A 58 year-old Caucasian female was referred to rheumatology for further evaluation of bilateral lower extremity skin tightening. A massage therapist, who was providing treatment for the patient’s generalized musculoskeletal pain (which was initially believed to be the result of injuries sustained in a car accident), first noted the patient’s skin changes.

Another symptom that developed was right wrist pain, several weeks after the patient repaired a barbed wire fence. No other joint symptoms were present. A complete review of systems (ROS) was negative other than a sensation in her lower extremities described as “little sparks.” Raynaud’s phenomenon and fever were specifically absent. She was able to communicate her symptoms without shortness of breath or cough.

Lab Tests

Labs ordered by the referring providers included a normal complete blood count, with the exception of an elevated absolute eosinophil count of 0.79 (normal: 0-0.4).
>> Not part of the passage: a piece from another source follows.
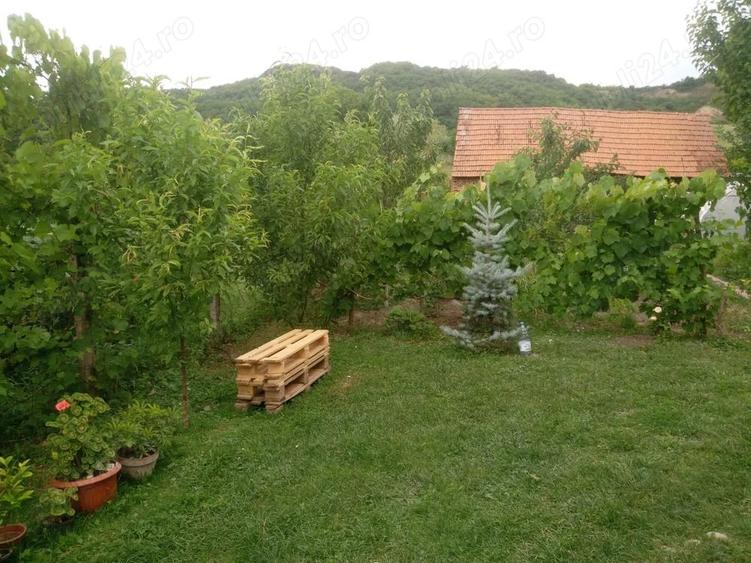 Vand casa in Amna? - 5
Electrolytes, glucose, liver and kidney function tests, urinalysis, cholesterol profile, NT-Pro-beta-naturetic peptide (NT- Pro-BNP,) vitamin B12, folate and thyroid function tests were normal. Rheumatologic testing included a normal sedimentation rate, antinuclear antibody (ANA), and extractable nuclear antigen screen (ENA). A C-reactive protein (CRP) was elevated at 14.7 (normal: 3-8). An echocardiogram was unremarkable.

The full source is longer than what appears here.